▶ [Problem details] When you reach the line with "スーツケース キャリーケース★ホワイト★360度回転★TSAロック搭載★耐衝撃 旅行" in the listing below, transcribe it and each line after it up to and including the line with "Tiny photo for", exactly and with nothing else.

▶ [Material for the task]
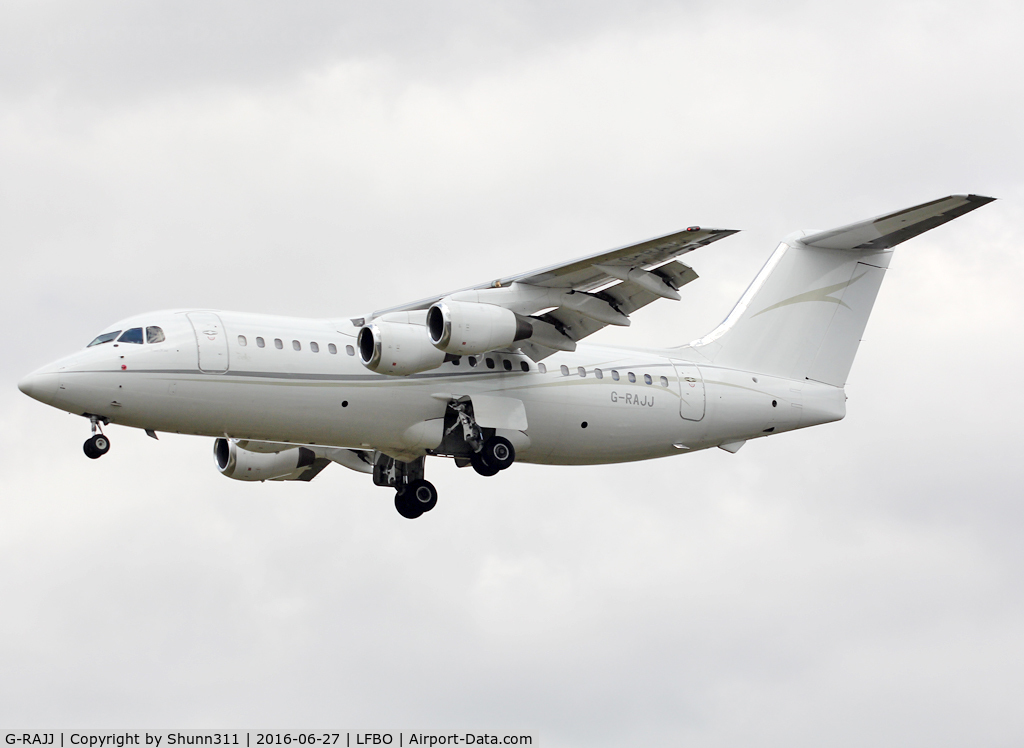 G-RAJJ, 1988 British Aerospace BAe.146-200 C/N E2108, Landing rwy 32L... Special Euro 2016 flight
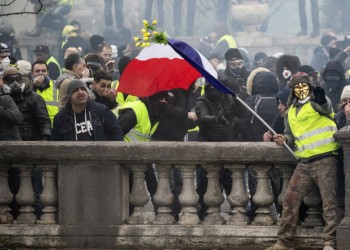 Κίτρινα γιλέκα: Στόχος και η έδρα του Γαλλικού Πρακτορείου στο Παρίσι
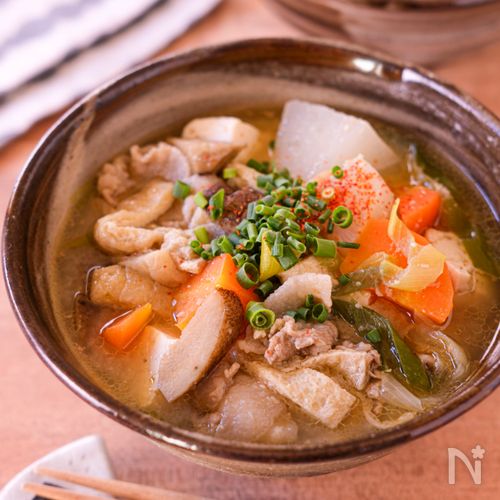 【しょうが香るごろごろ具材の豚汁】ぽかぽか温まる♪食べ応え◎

...

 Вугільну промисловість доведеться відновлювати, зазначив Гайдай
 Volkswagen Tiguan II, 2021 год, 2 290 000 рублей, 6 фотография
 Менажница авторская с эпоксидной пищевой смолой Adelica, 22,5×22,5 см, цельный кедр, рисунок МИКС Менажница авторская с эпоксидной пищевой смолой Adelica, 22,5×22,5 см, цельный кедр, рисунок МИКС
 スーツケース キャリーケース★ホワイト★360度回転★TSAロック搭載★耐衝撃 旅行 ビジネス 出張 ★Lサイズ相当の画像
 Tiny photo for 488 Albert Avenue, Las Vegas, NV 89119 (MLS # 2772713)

* * *

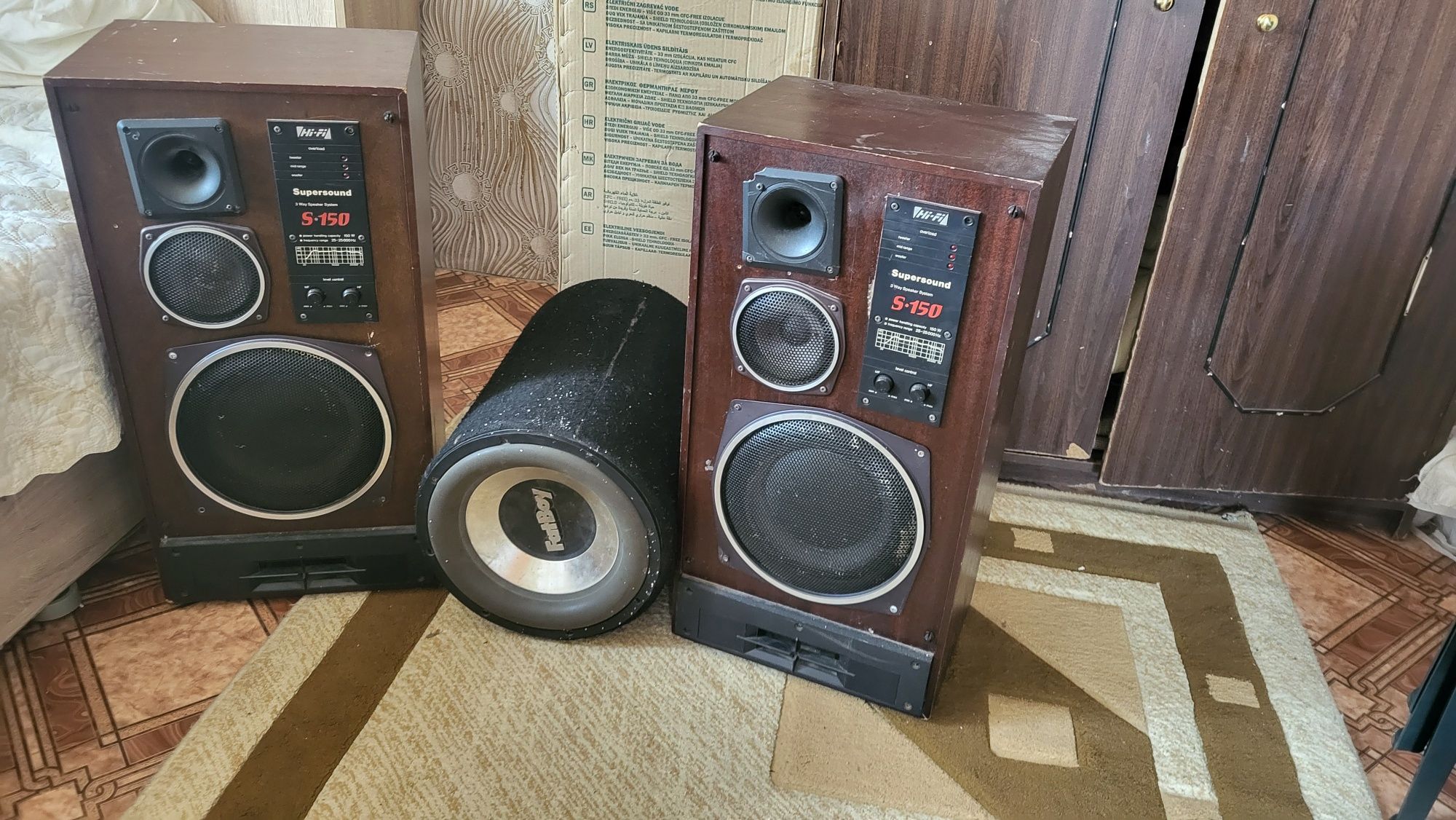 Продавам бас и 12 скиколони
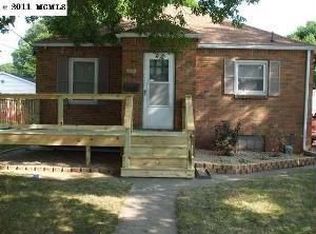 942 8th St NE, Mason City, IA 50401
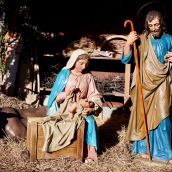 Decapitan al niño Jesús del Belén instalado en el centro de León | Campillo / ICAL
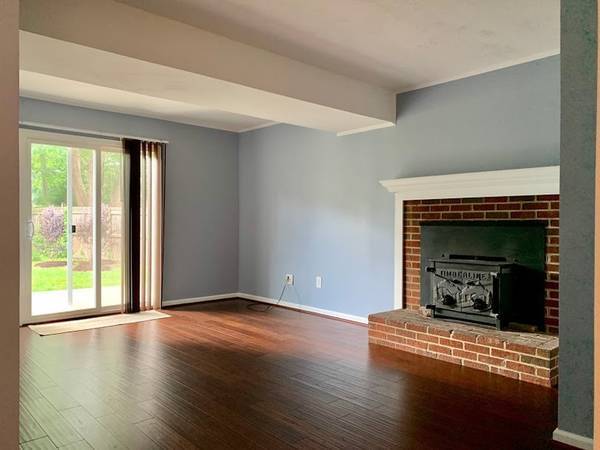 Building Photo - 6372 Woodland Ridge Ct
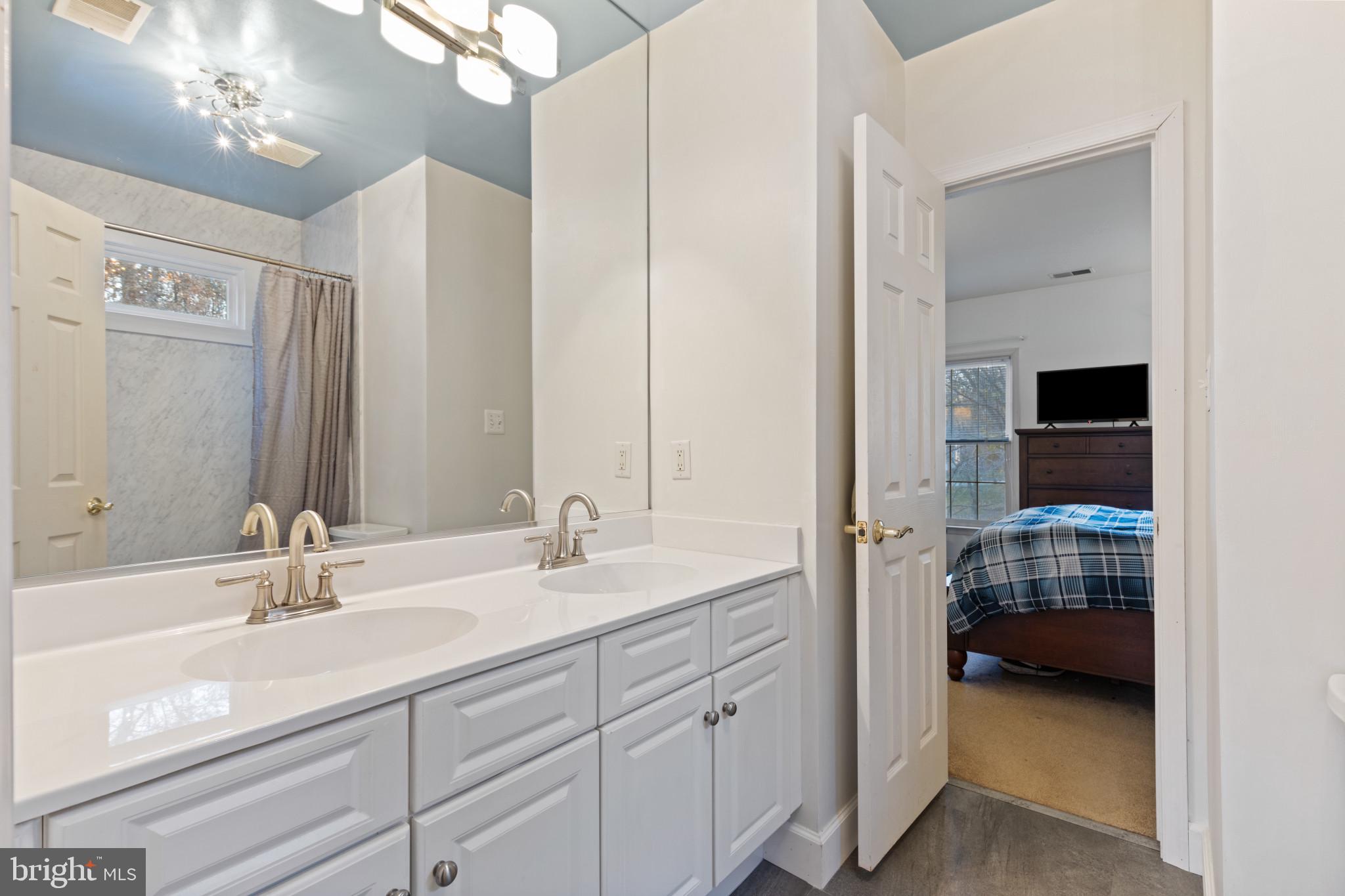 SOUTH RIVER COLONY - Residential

▶ [Output of the task]
 スーツケース キャリーケース★ホワイト★360度回転★TSAロック搭載★耐衝撃 旅行 ビジネス 出張 ★Lサイズ相当の画像
 Tiny photo for 488 Albert Avenue, Las Vegas, NV 89119 (MLS # 2772713)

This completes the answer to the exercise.